Information shown.
╭──

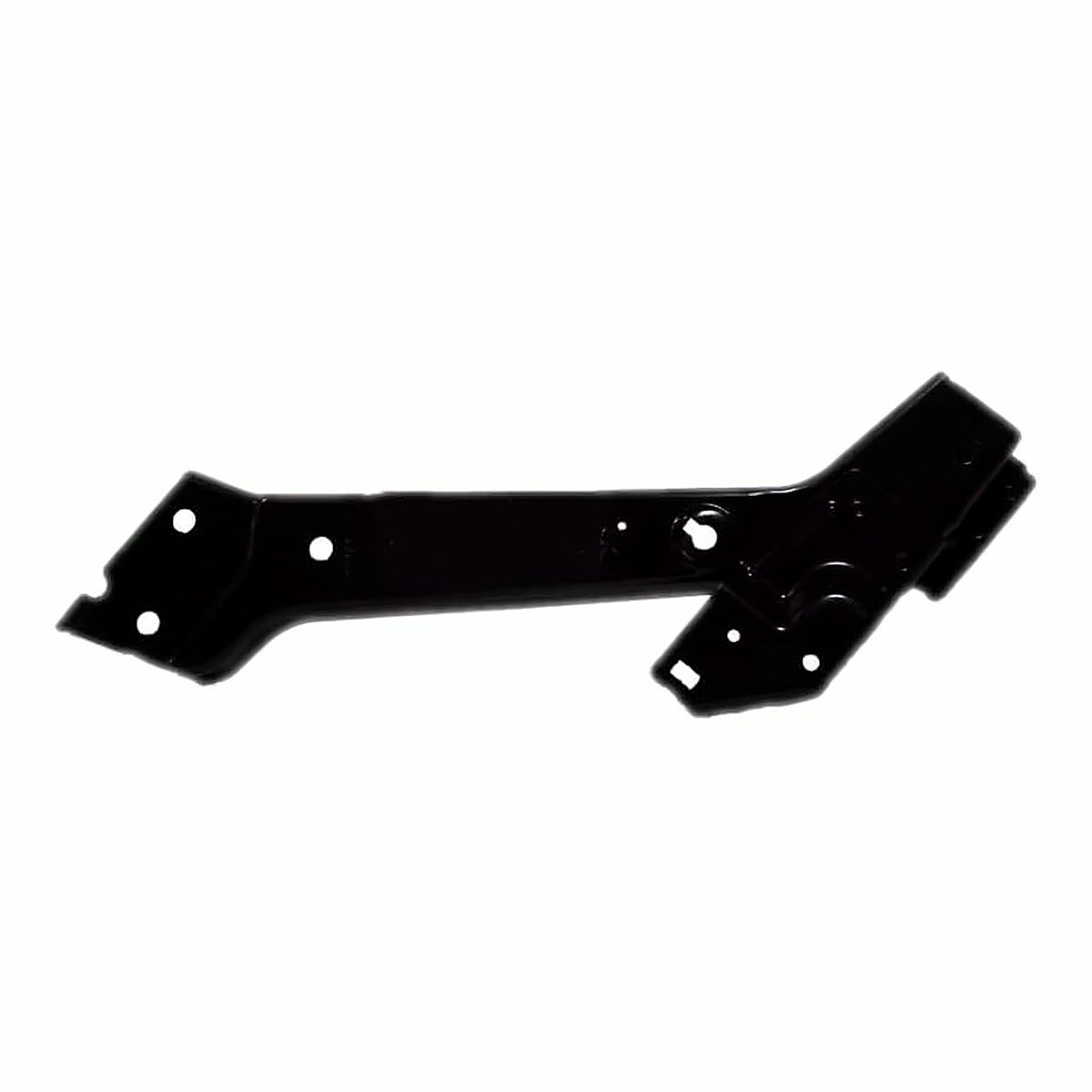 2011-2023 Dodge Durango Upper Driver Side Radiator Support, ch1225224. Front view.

╰──
╭──

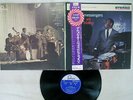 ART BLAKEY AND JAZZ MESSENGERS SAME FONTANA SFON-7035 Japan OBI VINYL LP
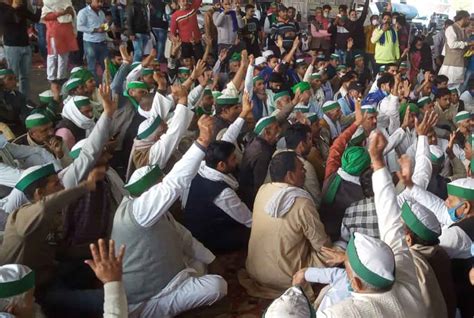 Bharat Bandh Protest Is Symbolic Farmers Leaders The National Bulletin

╰──

Work required.
Your answer is the exact run of lines above from the one with "ART BLAKEY AND" through the one with "Bharat Bandh Protest", both ends included, minus any picture.

Response to this exercise.
 ART BLAKEY AND JAZZ MESSENGERS SAME FONTANA SFON-7035 Japan OBI VINYL LP
 Bharat Bandh Protest Is Symbolic Farmers Leaders The National Bulletin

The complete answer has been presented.